When you can find the control you have in your health, it's time to exercise it (serenity prayer above). 


KNOW YOUR NUMBERS

Ideal blood pressure is considered to be between 90/60mmHg and 120/80mmHg. high blood pressure is considered to be 140/90mmHg or higher. low blood pressure is considered to be 90/60mmHg or lower.


A fasting blood sugar level less than 100 mg/dL (5.6 mmol/L) is normal. A fasting blood sugar level from 100 to 125 mg/dL (5.6 to 6.9 mmol/L) is considered prediabetes. If it's 126 mg/dL (7 mmol/L) or higher on two separate tests, you have diabetes.




CHECK LABELS

Ideal amount of sugar grams per day - less than 24 g.

Ideal salt intake per day - less than 2300 mg. 


EXERCISE

 

Move your body. No matter how you feel about exercise, moving your body is vital to your vascular system (and BP) and your metabolism (calorie burning), and blood sugar, as well as your moods. Those of us tied to a desk chair for decades on end are suffering a lot of anxiety, depression, belly fat, nervous eating habits, rushed meals, and the like.


I really learned with the Bell's palsy to stop the ride and get off and simply reduce stress to almost zero. It allowed me to realize my true hunger cues versus my "eating opportunity" signal that was saying things like, "hurry and eat while you can," "order out as I'm too stressed to cook," and the like. Stress and eating go hand-in-hand.
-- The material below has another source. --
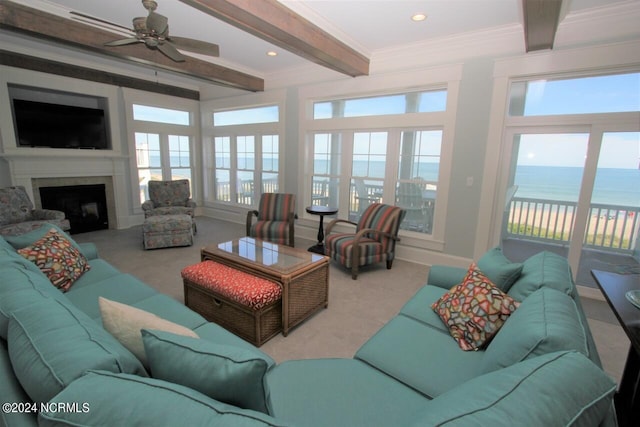 living room with ceiling fan, light carpet, a water view, and a healthy amount of sunlight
You can look at a person and often see how much stress they are undergoing by the amount of belly fat they carry.


EATING WITH A NEW ATTITUDE


I am conscious now that I slowed down my stress levels and am moving at a normal pace, that the speed with which I eat had a GREAT DEAL to do with weight gain. I now eat off a dessert plate. If I make a sandwich with whole grain bread, I cut it in half, put half in saran wrap in the fridge and eat one half. I eat it very slowly. I nibble. I lay it down between bites. When I'm done, I'm satiated and I save the other half for later in the day in case I get hungry. Instead of eating to store up for a long haul and hitting your body with a blood sugar rush and a large meal, spread out your calories and don't stress the body too much with a pile in your gut that takes hours to digest and affects your blood pressure, fat storage, and blood sugar. 
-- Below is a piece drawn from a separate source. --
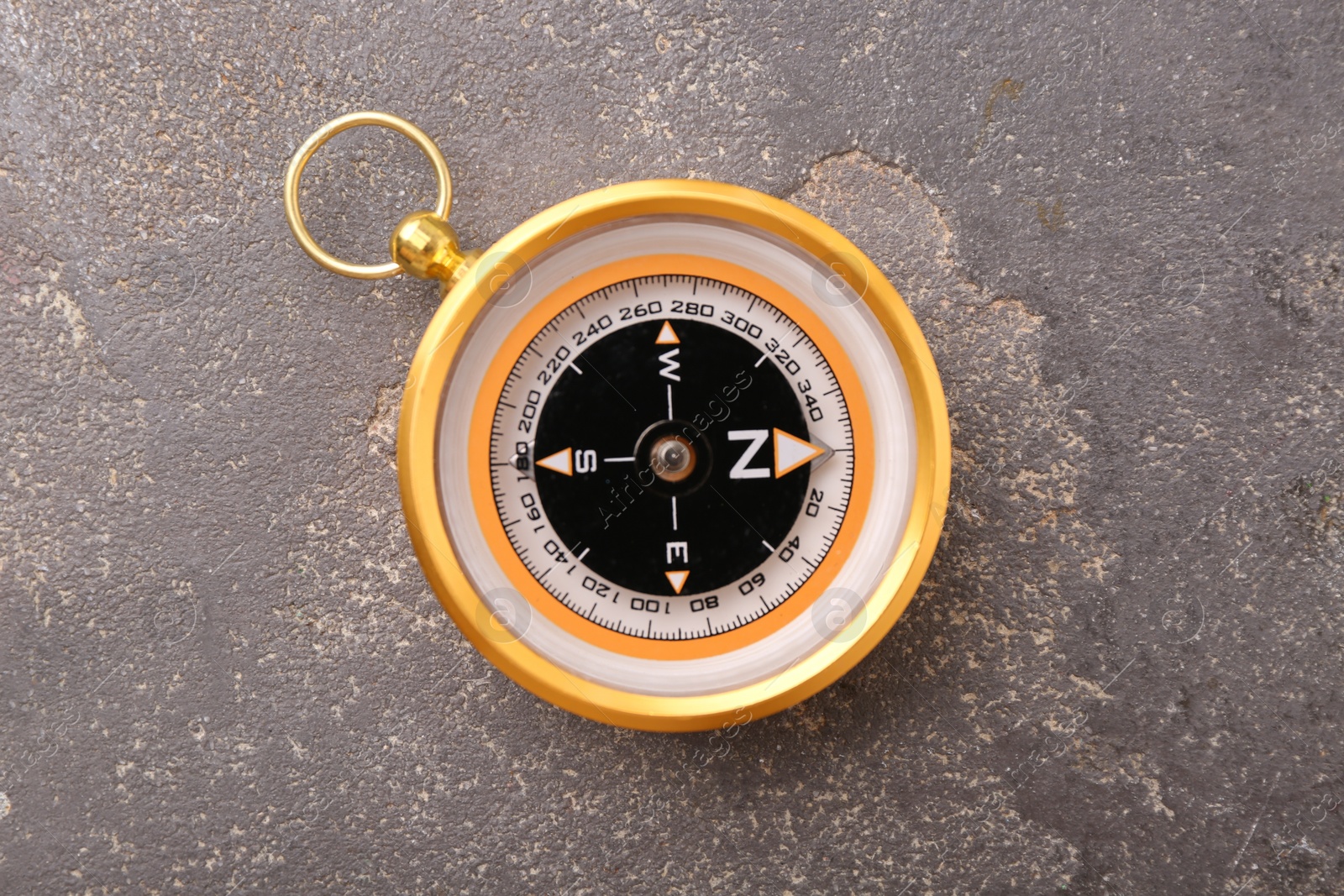 Photo of One compass on grey textured background, top view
Get healthy fats. I have made an avocado a day part of my diet, as well as using coconut oil in my hot tea. Sometimes, I munch on some walnuts. Do what you can to grease the body a wee so that things work right and your body does its functions properly.
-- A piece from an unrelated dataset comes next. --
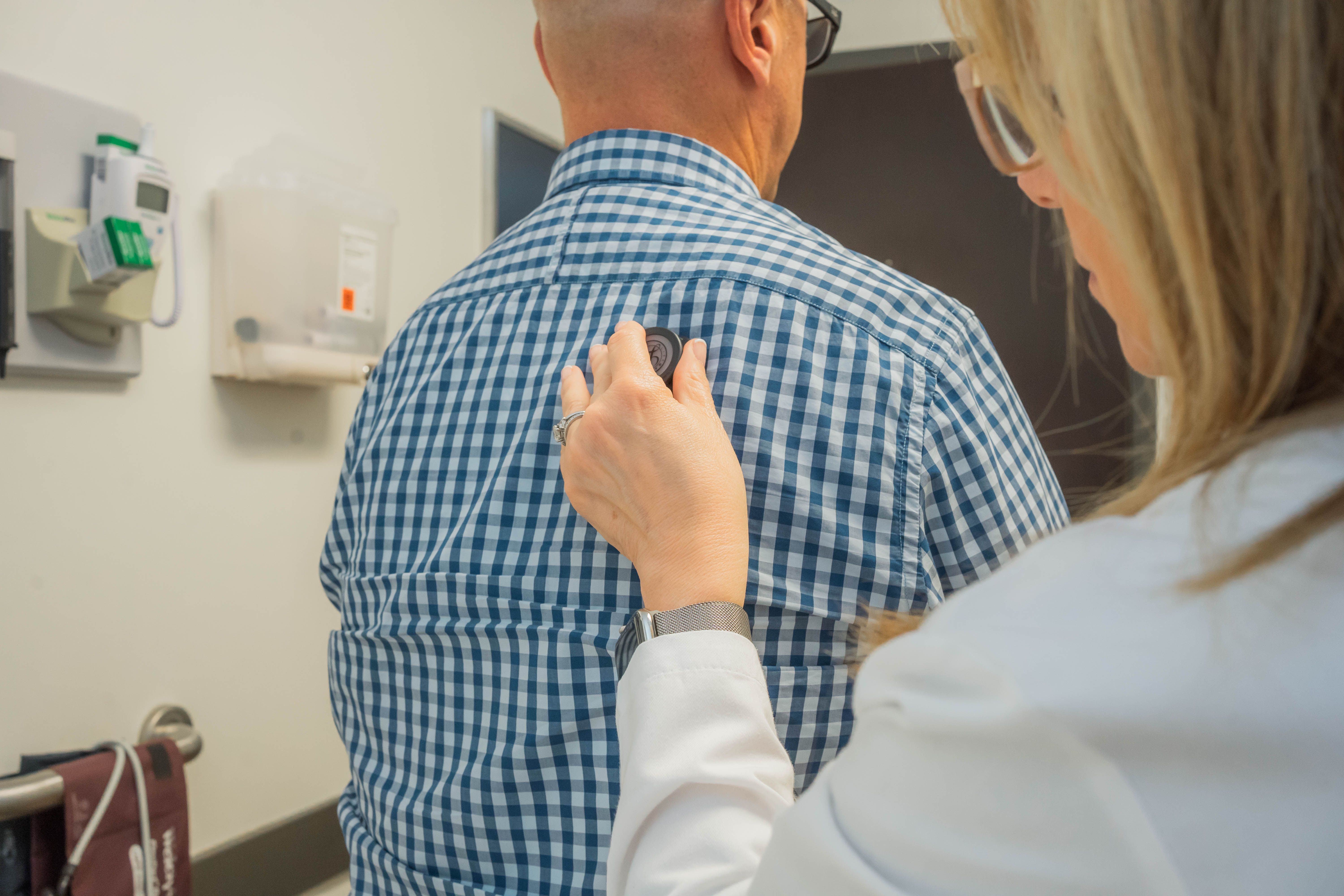 A physician places a stethoscope on a patient's back to listen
Supplements such as Omega-3 are a really great preventative to your regimen. Here's just some benefits - 


Omega-3s Can Fight Depression and Anxiety. ...
Omega-3s Can Improve Eye Health. ...
Omega-3s Can Promote Brain Health During Pregnancy and Early Life. ...
Omega-3s Can Improve Risk Factors for Heart Disease. ...
Omega-3s Can Reduce Symptoms of ADHD in Children.


I am now down 30 pounds from small increments, counting sugar and salt, and most importantly eating slowly. I have 19 more to go to get to the middle of my healthy BMI. At 5'8" tall and athletically built, I could carry extra weight without anyone being the wiser. Many people walk around overweight or obese and don't think it matters since they "look okay," and figure they are just "big boned," but believe me there are no fat skeletons in the graveyard.